YOUR INSTRUCTIONS:
Copy out every record below, word for word.

Caption-style text data
=== Section Start ===

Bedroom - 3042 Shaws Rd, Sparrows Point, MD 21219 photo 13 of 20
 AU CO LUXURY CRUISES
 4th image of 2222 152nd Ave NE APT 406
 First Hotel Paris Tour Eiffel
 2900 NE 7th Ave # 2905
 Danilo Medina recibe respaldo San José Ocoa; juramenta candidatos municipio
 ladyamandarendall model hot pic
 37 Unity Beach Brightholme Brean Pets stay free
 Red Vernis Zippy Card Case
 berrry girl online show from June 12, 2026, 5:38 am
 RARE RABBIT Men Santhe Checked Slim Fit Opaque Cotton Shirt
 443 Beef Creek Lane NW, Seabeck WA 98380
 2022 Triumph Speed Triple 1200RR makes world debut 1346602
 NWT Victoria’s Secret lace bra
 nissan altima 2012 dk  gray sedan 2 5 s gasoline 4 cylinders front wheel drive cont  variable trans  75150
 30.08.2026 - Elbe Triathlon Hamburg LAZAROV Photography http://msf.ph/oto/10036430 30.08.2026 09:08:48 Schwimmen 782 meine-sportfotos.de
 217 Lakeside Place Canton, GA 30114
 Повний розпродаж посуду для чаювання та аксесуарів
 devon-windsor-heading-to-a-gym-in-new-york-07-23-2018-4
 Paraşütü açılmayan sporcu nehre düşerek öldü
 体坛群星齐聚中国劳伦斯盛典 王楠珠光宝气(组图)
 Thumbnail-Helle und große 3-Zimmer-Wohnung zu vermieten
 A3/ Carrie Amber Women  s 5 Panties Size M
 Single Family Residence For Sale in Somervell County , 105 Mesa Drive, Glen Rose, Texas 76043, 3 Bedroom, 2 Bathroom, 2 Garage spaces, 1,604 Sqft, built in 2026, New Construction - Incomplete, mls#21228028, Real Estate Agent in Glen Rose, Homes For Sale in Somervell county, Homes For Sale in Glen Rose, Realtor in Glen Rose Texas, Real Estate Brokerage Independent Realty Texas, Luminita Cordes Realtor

=== Section End ===

PROBLEM SOLUTION:
Bedroom - 3042 Shaws Rd, Sparrows Point, MD 21219 photo 13 of 20
 AU CO LUXURY CRUISES
 4th image of 2222 152nd Ave NE APT 406
 First Hotel Paris Tour Eiffel
 2900 NE 7th Ave # 2905
 Danilo Medina recibe respaldo San José Ocoa; juramenta candidatos municipio
 ladyamandarendall model hot pic
 37 Unity Beach Brightholme Brean Pets stay free
 Red Vernis Zippy Card Case
 berrry girl online show from June 12, 2026, 5:38 am
 RARE RABBIT Men Santhe Checked Slim Fit Opaque Cotton Shirt
 443 Beef Creek Lane NW, Seabeck WA 98380
 2022 Triumph Speed Triple 1200RR makes world debut 1346602
 NWT Victoria’s Secret lace bra
 nissan altima 2012 dk  gray sedan 2 5 s gasoline 4 cylinders front wheel drive cont  variable trans  75150
 30.08.2026 - Elbe Triathlon Hamburg LAZAROV Photography http://msf.ph/oto/10036430 30.08.2026 09:08:48 Schwimmen 782 meine-sportfotos.de
 217 Lakeside Place Canton, GA 30114
 Повний розпродаж посуду для чаювання та аксесуарів
 devon-windsor-heading-to-a-gym-in-new-york-07-23-2018-4
 Paraşütü açılmayan sporcu nehre düşerek öldü
 体坛群星齐聚中国劳伦斯盛典 王楠珠光宝气(组图)
 Thumbnail-Helle und große 3-Zimmer-Wohnung zu vermieten
 A3/ Carrie Amber Women  s 5 Panties Size M
 Single Family Residence For Sale in Somervell County , 105 Mesa Drive, Glen Rose, Texas 76043, 3 Bedroom, 2 Bathroom, 2 Garage spaces, 1,604 Sqft, built in 2026, New Construction - Incomplete, mls#21228028, Real Estate Agent in Glen Rose, Homes For Sale in Somervell county, Homes For Sale in Glen Rose, Realtor in Glen Rose Texas, Real Estate Brokerage Independent Realty Texas, Luminita Cordes Realtor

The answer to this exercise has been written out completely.